• Directions for this task
Output exactly the lines spanning from the line containing "Renault Megane 2016 photo 3" to the last line of the entries, inclusive.

[Stored data]
________________________
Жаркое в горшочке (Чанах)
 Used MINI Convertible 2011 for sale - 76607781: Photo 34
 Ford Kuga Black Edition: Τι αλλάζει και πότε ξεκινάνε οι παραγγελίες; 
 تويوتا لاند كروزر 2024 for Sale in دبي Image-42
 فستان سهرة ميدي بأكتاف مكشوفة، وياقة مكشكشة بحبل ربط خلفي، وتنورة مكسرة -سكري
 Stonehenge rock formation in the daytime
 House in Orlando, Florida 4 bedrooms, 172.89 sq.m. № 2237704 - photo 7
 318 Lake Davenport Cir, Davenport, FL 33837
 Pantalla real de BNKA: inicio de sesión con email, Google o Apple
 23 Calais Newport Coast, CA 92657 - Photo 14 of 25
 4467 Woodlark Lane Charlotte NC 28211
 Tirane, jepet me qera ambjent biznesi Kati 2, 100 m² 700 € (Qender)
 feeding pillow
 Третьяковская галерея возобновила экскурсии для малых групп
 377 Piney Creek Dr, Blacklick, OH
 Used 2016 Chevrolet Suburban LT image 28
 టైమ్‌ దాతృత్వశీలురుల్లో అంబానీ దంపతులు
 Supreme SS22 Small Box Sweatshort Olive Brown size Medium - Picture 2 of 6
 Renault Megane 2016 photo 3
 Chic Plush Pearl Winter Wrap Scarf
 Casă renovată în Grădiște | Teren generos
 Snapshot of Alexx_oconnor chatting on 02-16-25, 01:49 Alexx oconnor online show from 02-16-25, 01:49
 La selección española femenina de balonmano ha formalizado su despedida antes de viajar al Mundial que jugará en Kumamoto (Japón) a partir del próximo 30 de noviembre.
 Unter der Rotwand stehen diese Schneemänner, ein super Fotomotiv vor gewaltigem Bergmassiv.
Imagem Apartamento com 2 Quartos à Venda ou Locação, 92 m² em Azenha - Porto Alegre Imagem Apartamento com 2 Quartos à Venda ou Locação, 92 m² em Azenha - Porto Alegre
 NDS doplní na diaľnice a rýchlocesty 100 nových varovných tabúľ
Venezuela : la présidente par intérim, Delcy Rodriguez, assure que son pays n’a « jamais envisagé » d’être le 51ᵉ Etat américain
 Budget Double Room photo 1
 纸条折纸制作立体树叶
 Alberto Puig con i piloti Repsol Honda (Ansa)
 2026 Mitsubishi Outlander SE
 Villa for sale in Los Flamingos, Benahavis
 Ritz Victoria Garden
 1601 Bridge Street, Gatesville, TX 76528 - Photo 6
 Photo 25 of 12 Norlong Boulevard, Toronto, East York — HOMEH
________________________
• Answer box
 Renault Megane 2016 photo 3
 Chic Plush Pearl Winter Wrap Scarf
 Casă renovată în Grădiște | Teren generos
 Snapshot of Alexx_oconnor chatting on 02-16-25, 01:49 Alexx oconnor online show from 02-16-25, 01:49
 La selección española femenina de balonmano ha formalizado su despedida antes de viajar al Mundial que jugará en Kumamoto (Japón) a partir del próximo 30 de noviembre.
 Unter der Rotwand stehen diese Schneemänner, ein super Fotomotiv vor gewaltigem Bergmassiv.
Imagem Apartamento com 2 Quartos à Venda ou Locação, 92 m² em Azenha - Porto Alegre Imagem Apartamento com 2 Quartos à Venda ou Locação, 92 m² em Azenha - Porto Alegre
 NDS doplní na diaľnice a rýchlocesty 100 nových varovných tabúľ
Venezuela : la présidente par intérim, Delcy Rodriguez, assure que son pays n’a « jamais envisagé » d’être le 51ᵉ Etat américain
 Budget Double Room photo 1
 纸条折纸制作立体树叶
 Alberto Puig con i piloti Repsol Honda (Ansa)
 2026 Mitsubishi Outlander SE
 Villa for sale in Los Flamingos, Benahavis
 Ritz Victoria Garden
 1601 Bridge Street, Gatesville, TX 76528 - Photo 6
 Photo 25 of 12 Norlong Boulevard, Toronto, East York — HOMEH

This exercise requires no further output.